In questo pomeriggio di mezza estate non ho voglia di seguire le cronache dolenti, ipocrite o fraudolente dalle quali siamo circondati, ma occuparmi un po’ del passato dal quale deriva il presente. Un passato peraltro vicino , anche se a catena si lega a uno più lontano e così via. Mi diverte perché c’è anche dell’ironia nella storia che scompiglia i disegni messi in piedi dalle classi di potere. Dunque mentre assistiamo alla drammatica colonizzazione della Grecia e dell’intera europa mediterranea grazie alla letale arma dell’euro, non si può non andare col pensiero al 1990 – ’91 quando dopo la caduta del muro di Berlino, si ripresentò inaspettato il problema che aveva afflitto le potenze europee dopo l’epoca napoleonica e fino a tutto il 1945: l’ascesa della Germania in grado da sola di essere un centro di potere più importante di Francia e Gran Bretagna messe insieme ad onta dei loro sterminati, ma sempre più improbabili imperi coloniali. Solo l’Italia riuscì a beneficiare in maniera significativa di questo risorgimento tedesco che come effetto secondario ebbe quello di limitare e marginalizzare l’impero austroungarico permettendo al regno di incorporare il Veneto nel 1866, di consentire, dopo la sconfitta della Francia del 1870, la presa di Roma e del Lazio e infine di poter sviluppare una politica coloniale nel mediterraneo invisa a Londra e Parigi.

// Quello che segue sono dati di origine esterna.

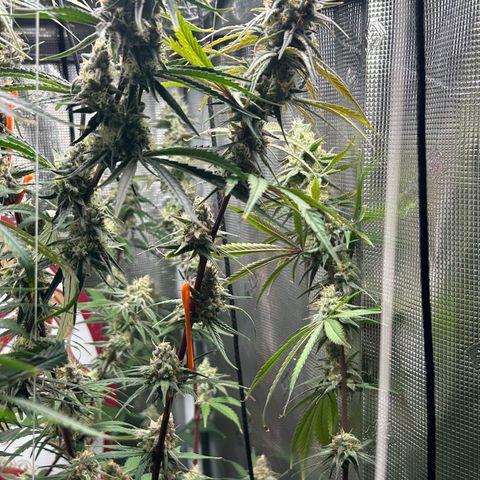 Bananacane growlog timeline photo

Ma torniamo a bomba: già la Repubblica federale da sola era divenuta fin dagli anni ’60 la potenza economica più grande del continente, Urss esclusa: con l’aggiunta della parte orientale “liberata” era facile prevedere che questa preminenza sarebbe aumentata a dismisura. Così invece di sfruttare l’occasione del crollo sovietico per liberarsi dei legacci della Nato ormai inutile e del dominio americano, Mitterrand, appoggiato ovviamente dalla Tatcher, ma dallo stesso duo Andreotti – Craxi, decise di consentire l’unificazione purché la Germania rinunciasse al marco o meglio, attraverso, l’euro ne facesse una moneta comune. Questi statisti pensavano, nonostante le numerose e pesanti voci di dissenso, che questo avrebbe imbrigliato la Germania, obiettivo al quale fu anche sacrificata ogni tensione verso un vera unità politica. Non capirono di aver invece dato vita a un meccanismo infernale grazie al quale il peso della Germania sarebbe stato destinato a superare ogni aspettativa o timore. In realtà è stata l’economia tedesca a impadronirsi dell’euro e a fare di Bruxelles e delle burocrazie europee un dependance di Berlino, come del resto in molti avevano avvertito.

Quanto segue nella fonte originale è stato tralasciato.